▼▼▼
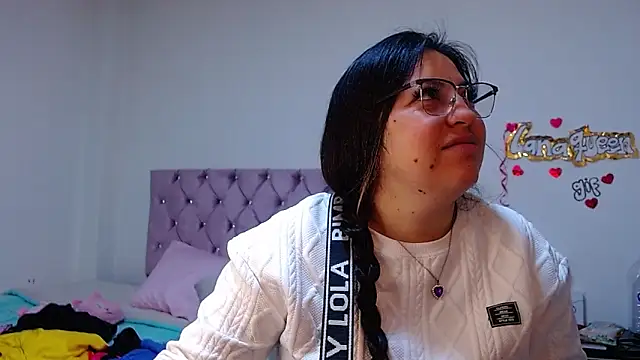 lanaqueen699 online show from April 9, 2026, 12:10 pm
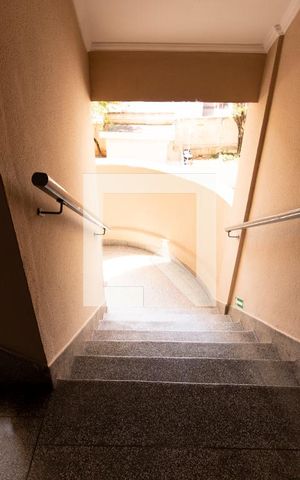 Apartamento à venda com 55m², 2 quartos e 1 vaga Apartamento à venda com 55m², 2 quartos e 1 vagaÁrea Comum - Escada de Acesso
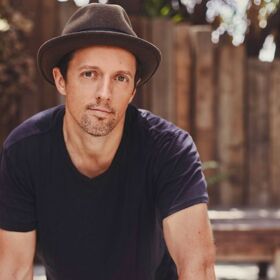 Jason Mraz talks hooking up with dudes while dating the woman who later became his wife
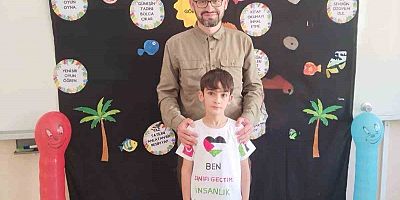 Gümüşhaneli Minik Ömer Tuğra’dan karne gününde insanlık dersi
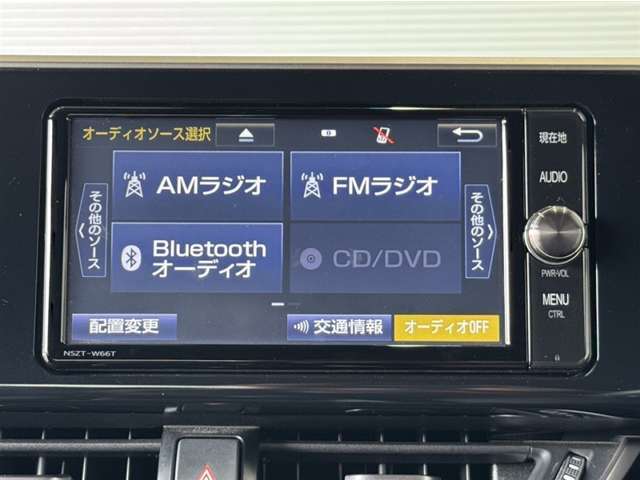 Bluetooth対応、CD/DVD再生機能付き。お好きな音楽を聴きながらのドライブは楽しいですよね～♪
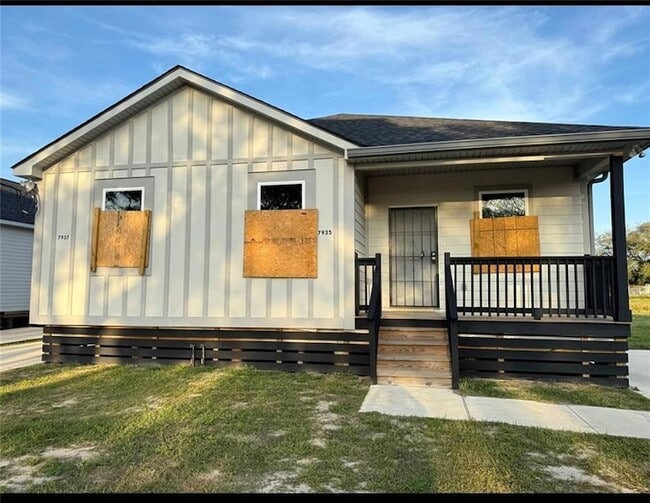 Photo - 7935 Read Blvd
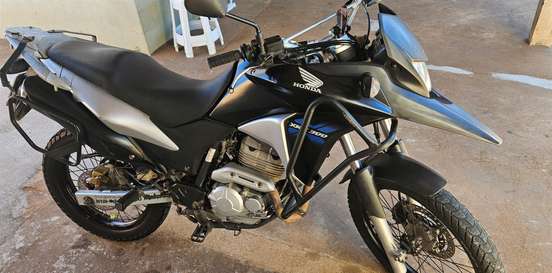 HONDA-XRE 300-2015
▲▲▲
Retype the lines from the one containing "Jason Mraz talks" down to the last line of the records, both included, exactly and nothing more. Pictures stay out.

 Jason Mraz talks hooking up with dudes while dating the woman who later became his wife
 Gümüşhaneli Minik Ömer Tuğra’dan karne gününde insanlık dersi
 Bluetooth対応、CD/DVD再生機能付き。お好きな音楽を聴きながらのドライブは楽しいですよね～♪
 Photo - 7935 Read Blvd
 HONDA-XRE 300-2015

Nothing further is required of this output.